Tens of thousands of volunteers statewide participated in last Saturday’s California Coastal Cleanup Day, but high tides that day pushed Del Norte’s event to later this week.
To get involved with Del Norte’s cleanup this Friday and Saturday, call Crescent Elk Middle School (707-464-0320) and ask for science teacher Joe Gillespie.
“After a summer season of heavy use, a lot of our beaches have trash that needs to be picked up,” Gillespie said.
Del‚ÄąNorte students, businesses and civic groups will hit the beaches en masse next Friday and Saturday. Volunteer crews have already committed to clean most stretches of Del Norte’s coast from Enderts Beach to the Oregon border, but there are still a few spots in need of volunteers.

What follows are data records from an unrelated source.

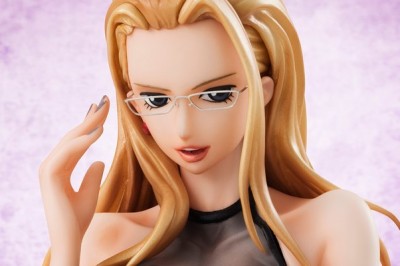 One Piece Spy Kalifa Mayolu Figürü Göz Kamaştırıyor !!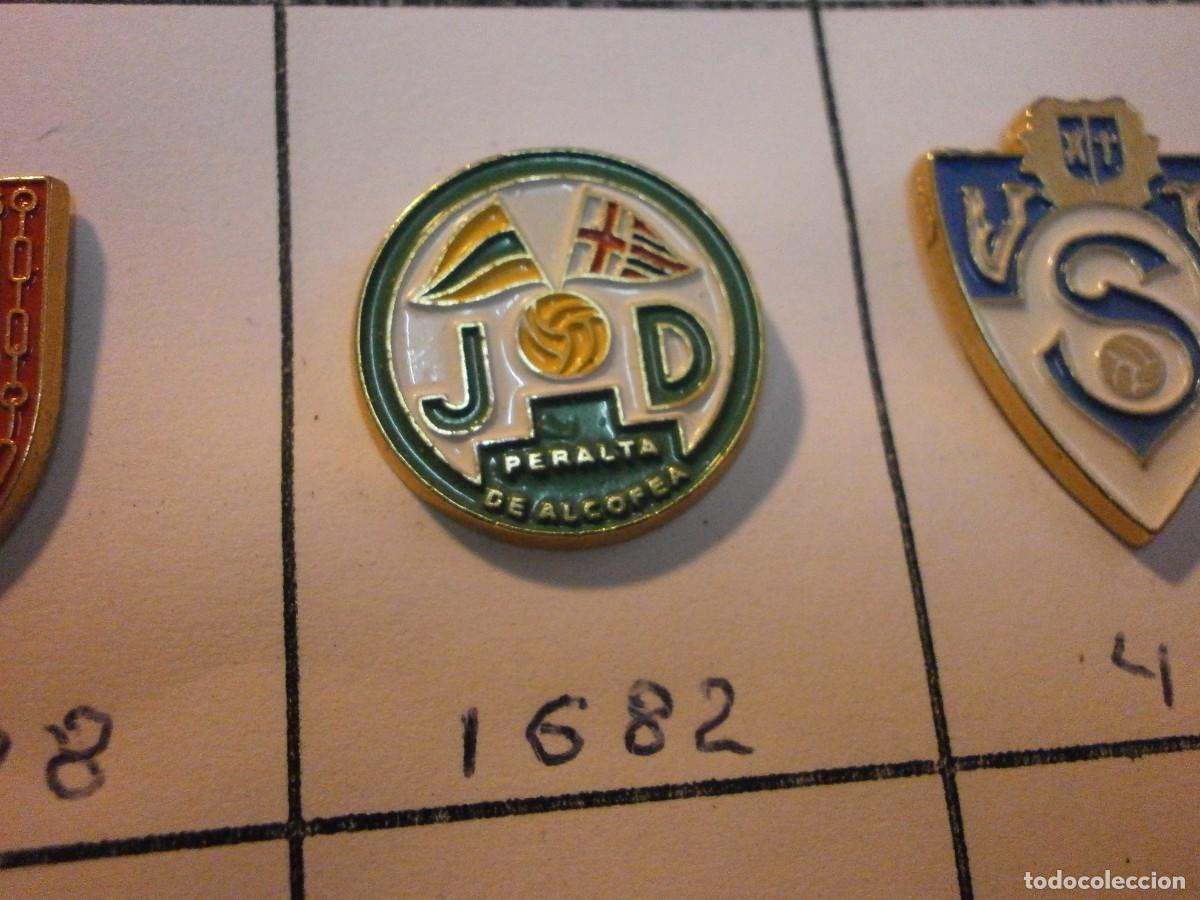 Collectionnisme sportif: pin equipo de futbol peralta 1682
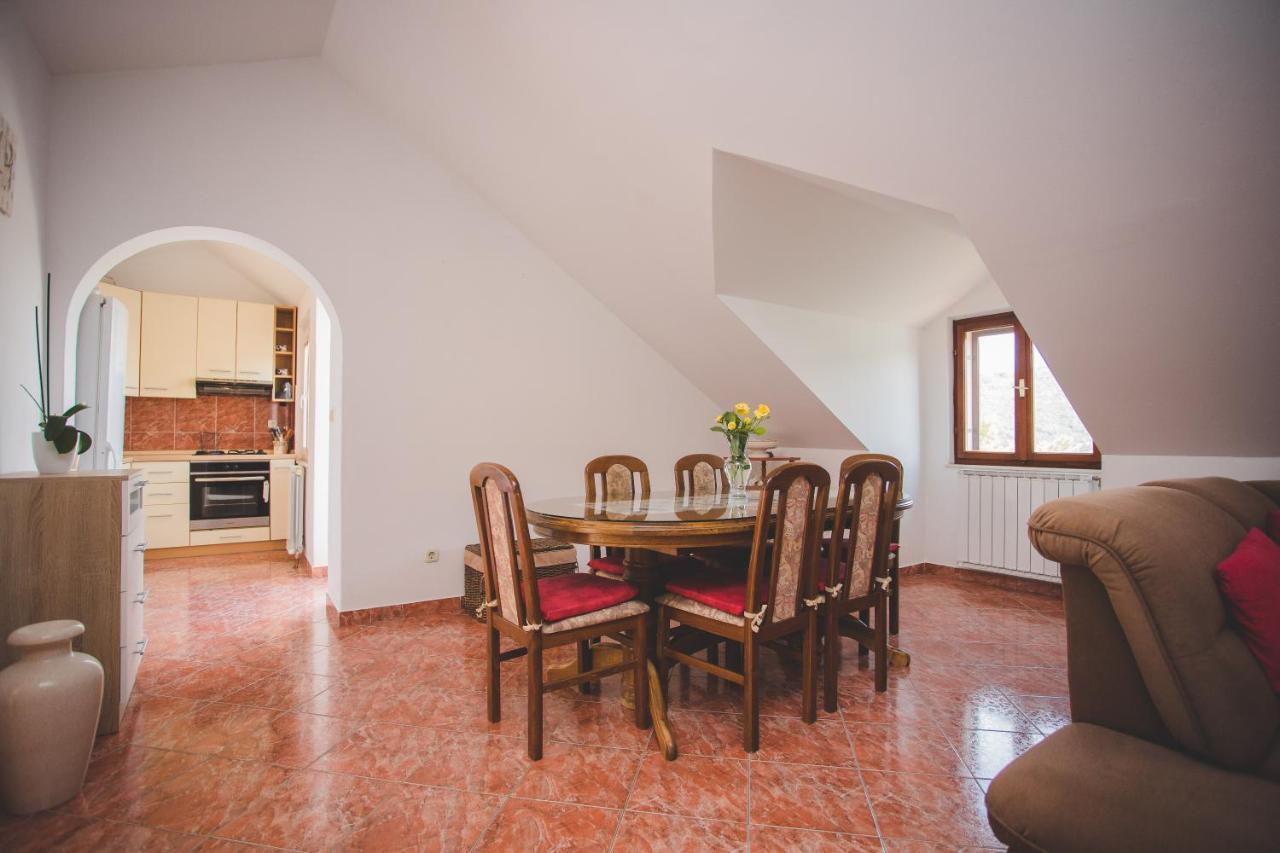 Apartmani Bauk Pucisca Exterior photo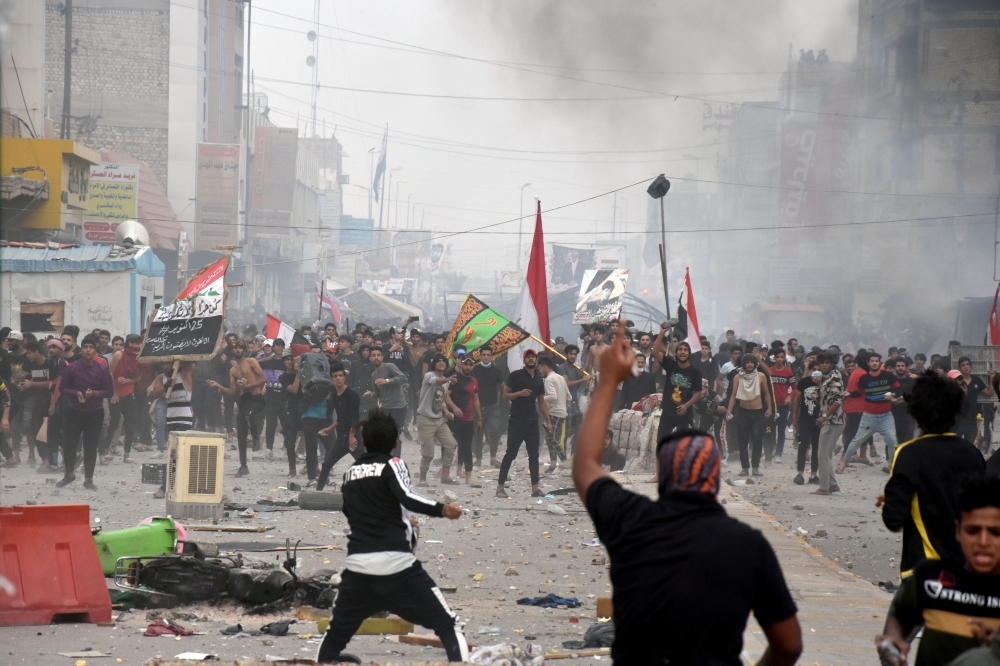 Anti-government protesters clash with supporters of Iraqi Shi'ite cleric Moqtada al-Sadr in Nassiriya, Iraq November 27, 2020. REUTERS/Ahmed Dhahi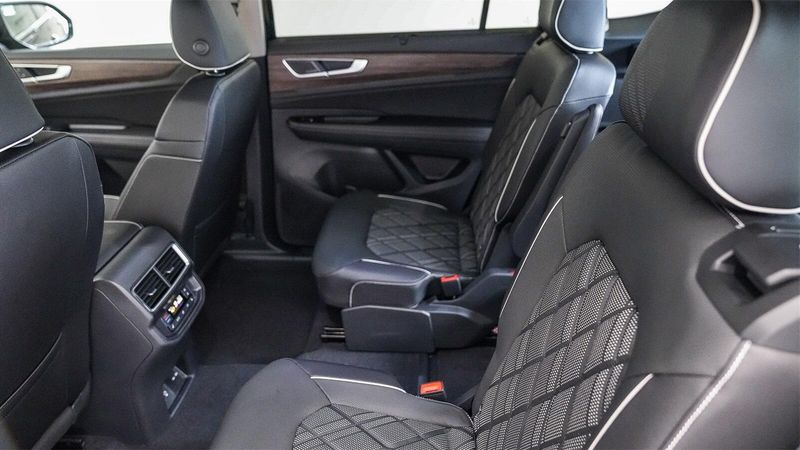 New 2025 Volkswagen Atlas 2.0T SEL Premium R-LineImage 18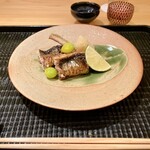 豪龍久保 - 骨を抜いた秋刀魚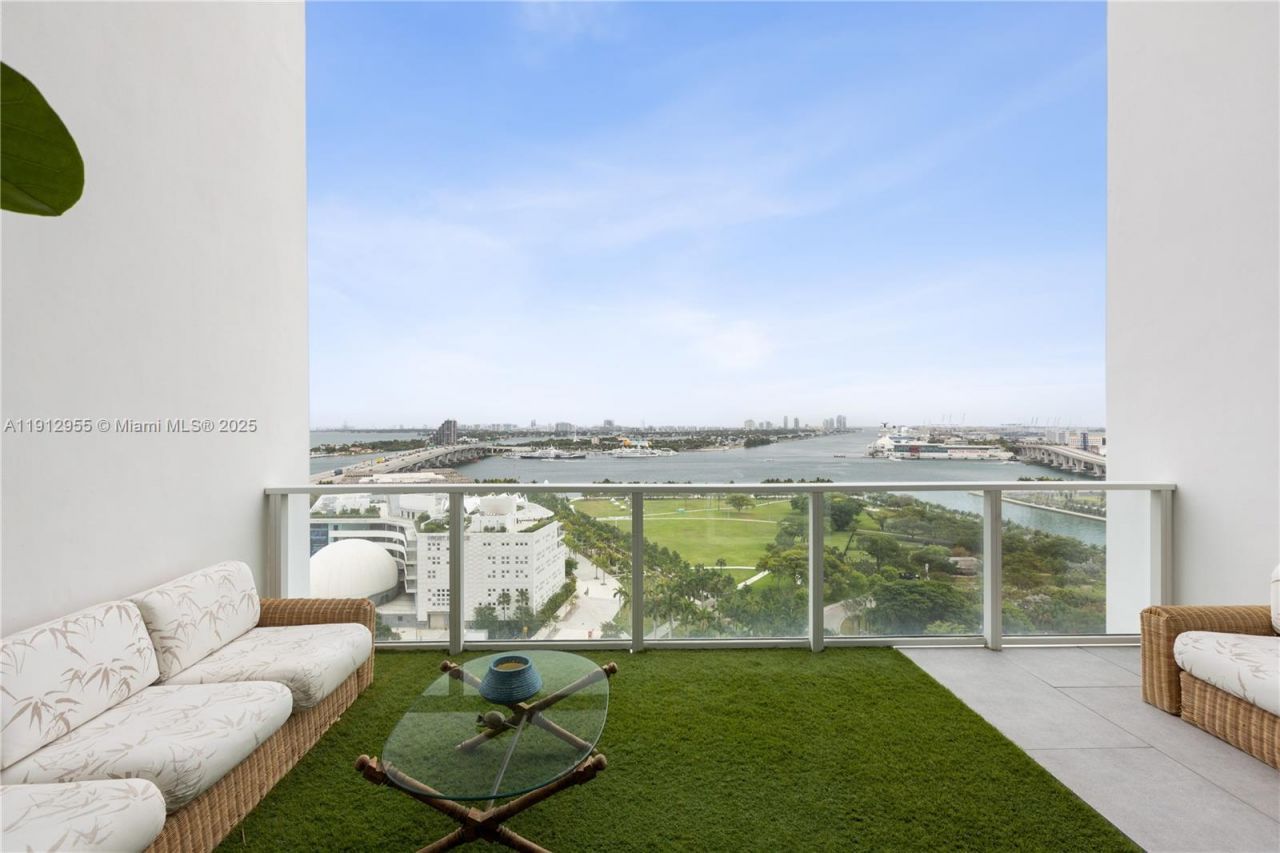 1040 Biscayne Blvd, Unit 1602, Miami, FL 33132 Photo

A section of Pebble Beach, from Ninth Street to the split stairs just south of Pacific Avenue, is still in need of a volunteer crew for the cleanup. Beach sites near Klamath, like Wilson Creek Beach, Hidden Beach and the mouth of the Klamath also still need volunteer crews.
Contact Gillespie by Wednesday for free trash bags and data cards to log how much and what type of trash is found.
Information about the items found on Coastal Cleanup Days is supposed to be collected. The baseline data collected for decades for the cleanup can be used to track trends of beach trash washing ashore.
“If we start getting an influx of trash we’ll know if it’s a new source like the Japanese tsunami,” Gillespie said.
Del Norte’s cleanup effort typically collects an average of 3,500 to 4,000 pounds of trash each year, Gillespie said.
“It keeps trash out of our ocean that breaks down into smaller and smaller pieces and we’re finding that plastics are ingested by marine life and it makes its way up into the food chain,” Gillespie said. “And marine mammals ingest some of the larger plastics directly and that kills a lot of marine mammals.”
Recology Del Norte is donating Dumpsters and collection, and Del Norte Solid Waste Management Authority is providing free disposal.
Elsewhere in California, more than 57,000 people took part in last Saturday’s cleanup, and at least 320 tons of debris were collected from the state’s beaches, lakes, river and streams.
Volunteers at a Santa Cruz County beach found a buoy with Japanese writing, and picked up buoys and water bottles with Japanese writing in Mendocino County.